Hell no! You cant pay me enough to carry someone else's child! Pregnancy is a very intimate experience, i can't have a child inside me for 9 months, get fat and sick, and then hand it over like i'm some machine. No
No, I couldn't do it. I'd become too attached and want to keep the baby for myself. Carrying a life inside of you is hard enough when it's your own flesh and blood. But to do it for someone else...I couldn't be so noble.
You know what, it's funny you ask that because I was thinking about the concept of being an egg donor the other day. Not exactly the same thing...but, call me crazy... I would consider that because there's so few African American/black women donors in the world.
Now being a surrogate mother, I don't know. I think I'd get attached after 9 months and labor tbh
I don't want kids for myself muchless be pregnant for someone else; I think it's a beautiful thing but there's not one person in my life I love that damn much to go through all that for, especially when I have two back surgeries under my belt.

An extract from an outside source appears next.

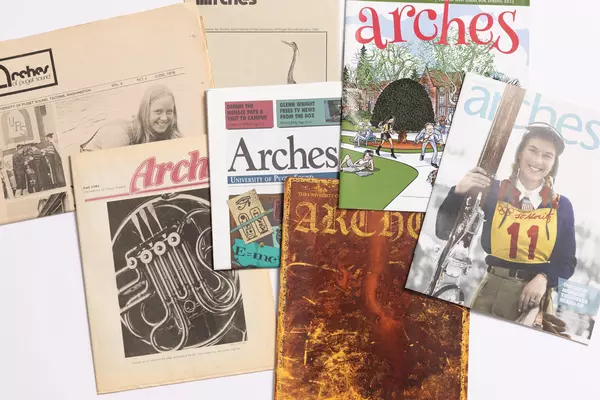 A selection of Arches covers, showcasing different designs from the 1970s to the 2020s.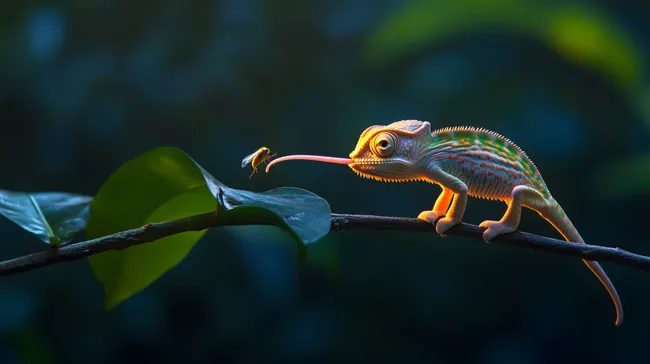 Chameleon Catches Fly with Long Tongue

My sister asked me if I would have a baby for her once; this triflin beast smokes weed daily and doesn't work, I laughed and walked away
No ,but I had a friend who did. She had rough childhood decided she would never have kids, but as she got older she realized she didn't want to miss out on the experience being pregnant and decided to be a surrogate. She got paid like 25,000. She said it was great because she never had a mother figure and for 9 months she got to get a tiny taste of what it's like. It helped her deal with her childhood. She also sold her eggs, for 10,000. Her take on it was that she never wanted kids and was never going to use her eggs and she saw how desperate couples were. Different strokes fo different folks.
Yes.I posted something similar awhile back. My views have certainly changed. I wanted my own kids but I think I really just wanted to know what it is like to carry a child. If I could have one for someone else..then sure--certainly don't want any of my own. But you have to have at least one kid first...so yea,nah, not gonna happen.